Supplied information:
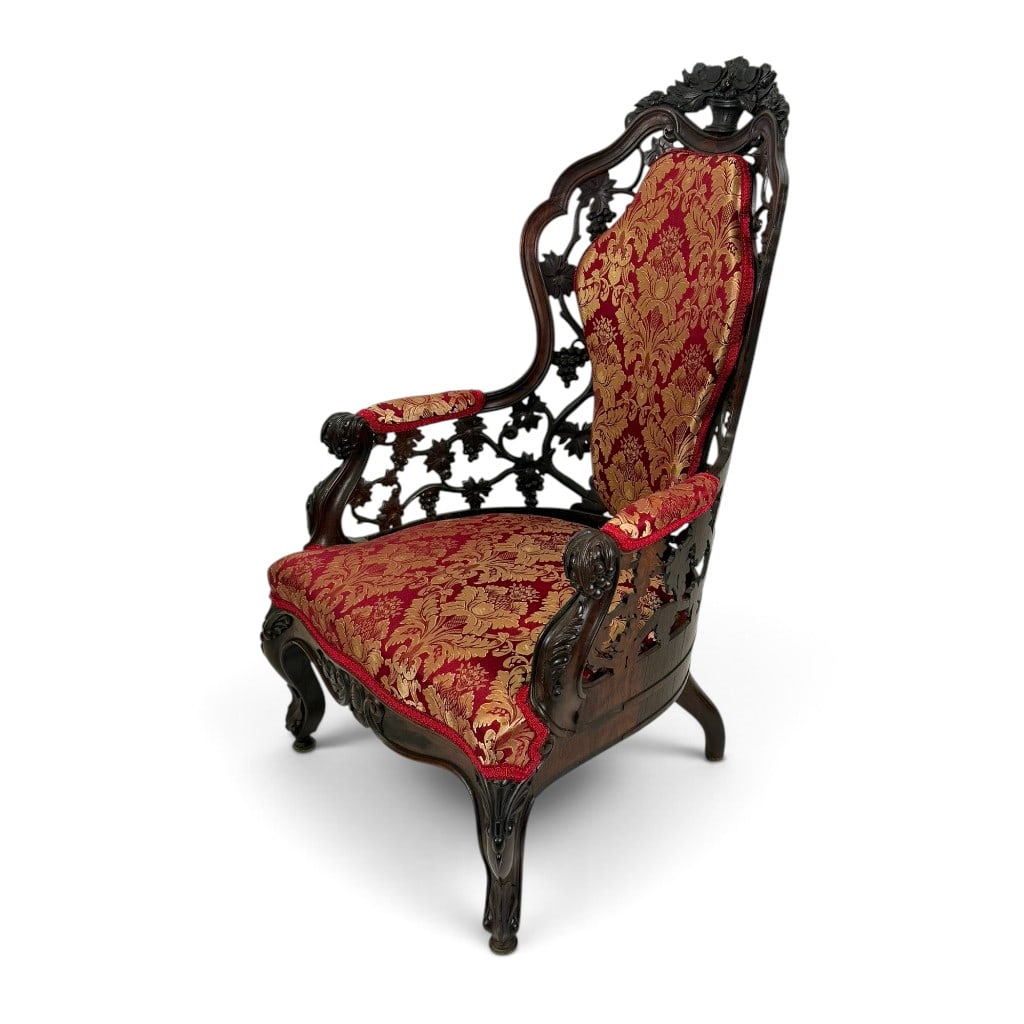 Attributed Belter Custom Pattern Armchair - 3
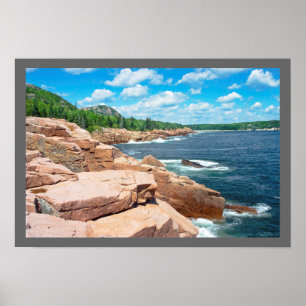 Póster Parque nacional Acadia Maine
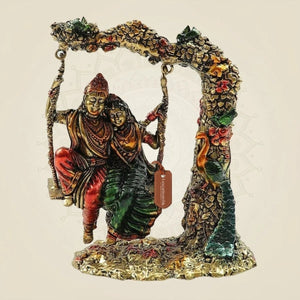 Brass Radha Krishna Idol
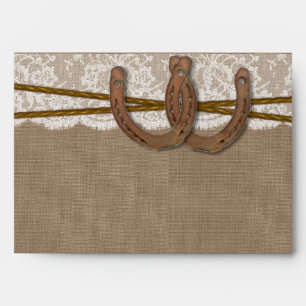 Enveloppes de la collection Rustic Horseshoe Maria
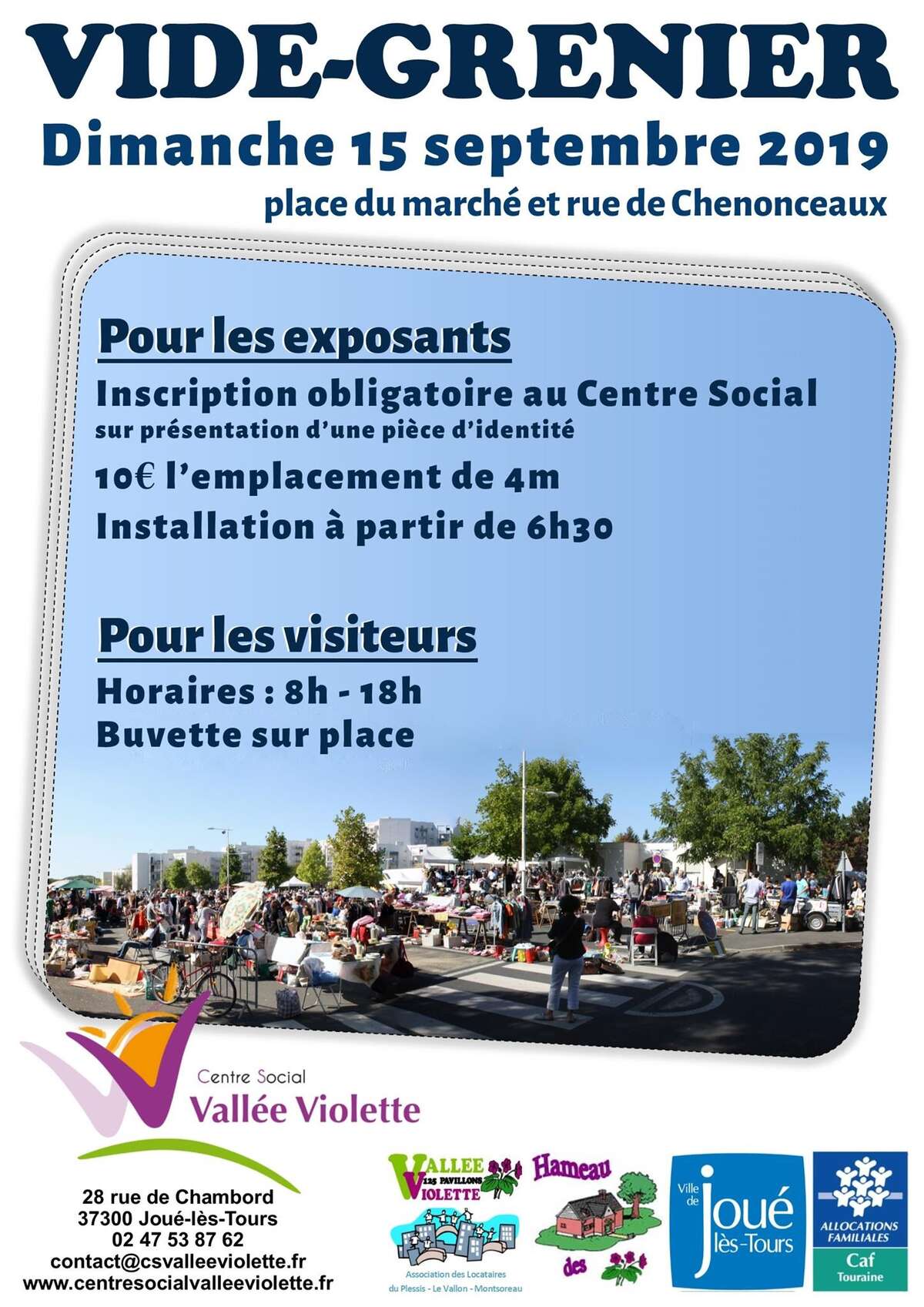 Photo de l'événement Vide-grenier de la Vallée Violette à Centre Social Vallée Violette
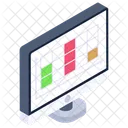 Data Analytics Business Report Graphical Representation Icon
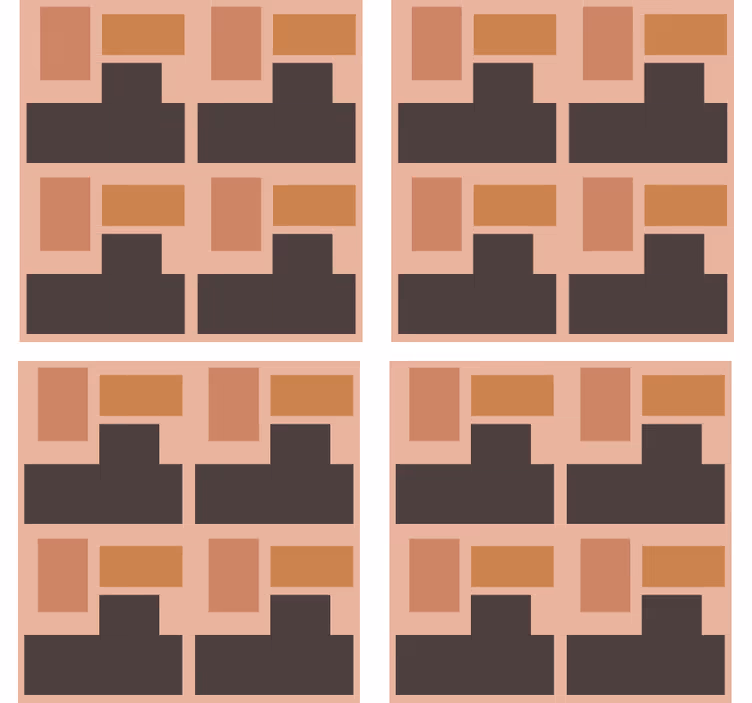 Coaster geometric block design - TenStickers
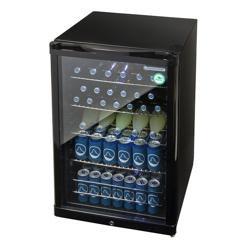 GASTRO-COOL | Barkoelkast - 540mm - 130 liter - 1 glazen vleugeldeur - Zwart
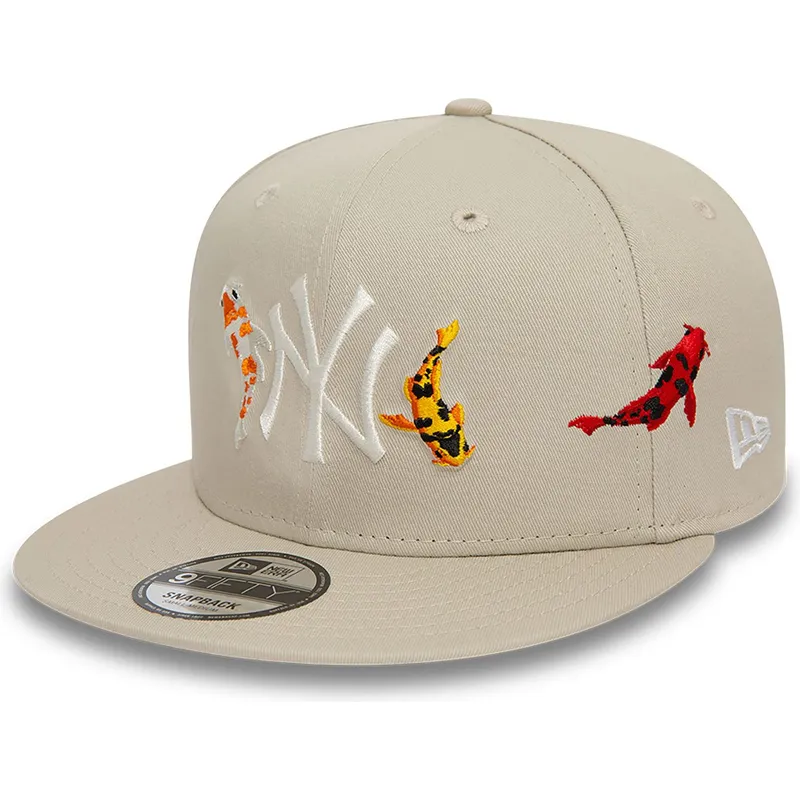 lippikset-littea-beige-snapback-9fifty-koi-fish-new-york-yankees-mlb-new-era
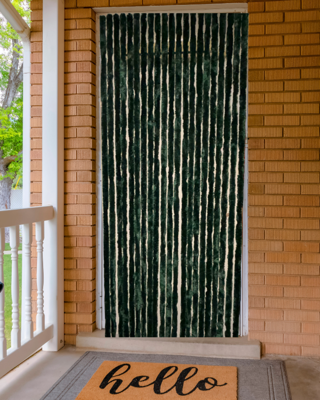 Vliegengordijn Kattenstaarten Groen - 90cm x 220cm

What this task involves: Everything from the line containing "GASTRO-COOL | Barkoelkast" through the last line of the entries must be repeated verbatim, except pictures.

Task solution:
 GASTRO-COOL | Barkoelkast - 540mm - 130 liter - 1 glazen vleugeldeur - Zwart
 lippikset-littea-beige-snapback-9fifty-koi-fish-new-york-yankees-mlb-new-era
 Vliegengordijn Kattenstaarten Groen - 90cm x 220cm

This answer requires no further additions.